# Damage and Riots at Shepton Mallet Show Ground



## suedi_55 (Aug 8, 2006)

Thought some of you might like to see some of the goings on at NASS over the weekend at Shepton Mallet show ground.
Ians sister works there and has said they believe there is about 
£75000 worth of damage done!!!
The toilets are so damaged they are unusable!!!.
Every building has got graffiti on it!!
There were many fires where louts set fire to anything they could get there hands on!!
We hope they have it all sorted for us in September!!!

Click on this link to see some footage (some bad language can be heard).






Sue and Ian.


----------



## sallytrafic (Jan 17, 2006)

ASBO fest ?


----------



## Don_Madge (May 1, 2005)

suedi_55 said:


> Thought some of you might like to see some of the goings on at NASS over the weekend at Shepton Mallet show ground.
> Ians sister works there and has said they believe there is about
> £75000 worth of damage done!!!
> The toilets are so damaged they are unusable!!!.
> ...


What is NASS please.


----------



## sallytrafic (Jan 17, 2006)

Apparently it stands for National Action Sports Show

skateboards etc


----------



## lindyloot (May 20, 2007)

Didn't hear anything about it on our local news or paper. They've only got themselves to blame if they are not allowed there next year. Its a sad thing about the minority of the younger generation who spoil things for the majority. Still you could probably say this about most things these days. We sometimes visit the custom bike or classic car shows their never any trouble.
Lin


----------



## Snelly (Aug 20, 2005)

Mindless...


----------



## drcotts (Feb 23, 2006)

Typical.
No wonder the kids all say "weve got nothing to do" Yes you destroyed everthing thats why.

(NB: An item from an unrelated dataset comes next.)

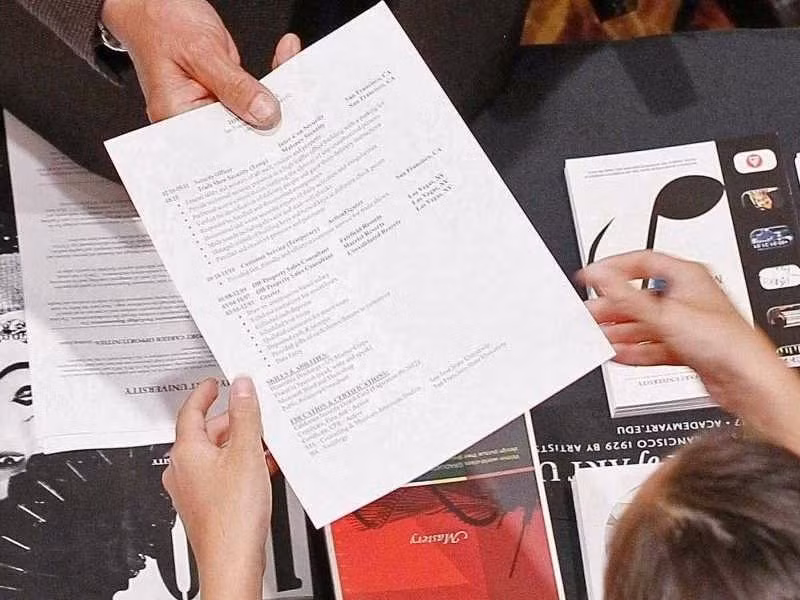 2. Nếu tên của bạn phổ biến, bạn sẽ có nhiều khả năng được tuyển dụng hơn. Theo nghiên cứu của ĐH Marquette, các nhà nghiên cứu đã tìm được bằng chứng cho thấy những cái tên phổ biến thường được yêu thích.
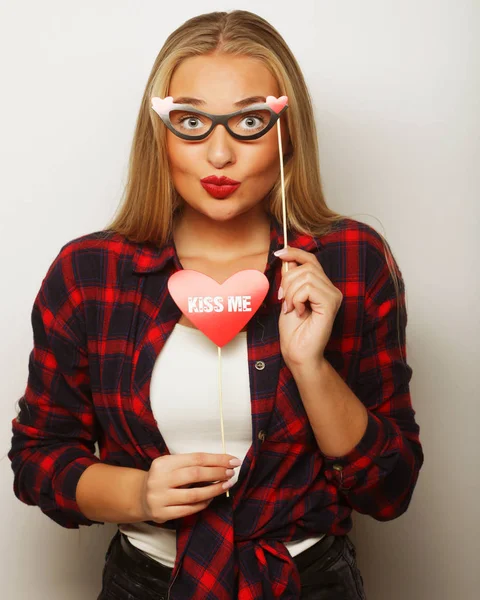 Imagen de la fiesta.Mujer joven sosteniendo unas gafas de fiesta . — Foto de Stock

I live near an RSPB nature reserve. They have had to remove all the hides as the kids set fire to them. Somr of them had nesting birds in. Now we all have to stand in the rain.

I have flagged the video as unsuitable.

Regards
Phill


----------



## billym (Dec 17, 2005)

drcotts. Please do not tar all kids with the same brush, in the same way we should not for one reason or three or four others tar all doctors with the same brush


----------



## artona (Jan 19, 2006)

Hi

Nass07 - your post has been removed. If you would like to repost in a proper fashion then please do so


stew


----------



## loddy (Feb 12, 2007)

How many people actually read nass 007 post ??
or was I the only one

Loddy


----------



## ingram (May 12, 2005)

loddy said:


> How many people actually read nass 007 post ??
> or was I the only one
> 
> Loddy


I did: I was about to reply; was pondering on if it was really worth bothering when the post disappeared.

I was only going to say; " They *shoot* horses .... don't they?"

H


----------



## DavidRon (May 1, 2005)

Responding to postings like nass007 only encourages it.
Best left to the moderators. 
Or does that sound a little bit backside licking.


----------



## tokkalosh (May 25, 2006)

I read the Nass07 post and immediately reported it.

I can assure you it was not worthy of a reply


----------



## looby1 (May 1, 2005)

I read the post and ditto the above.


----------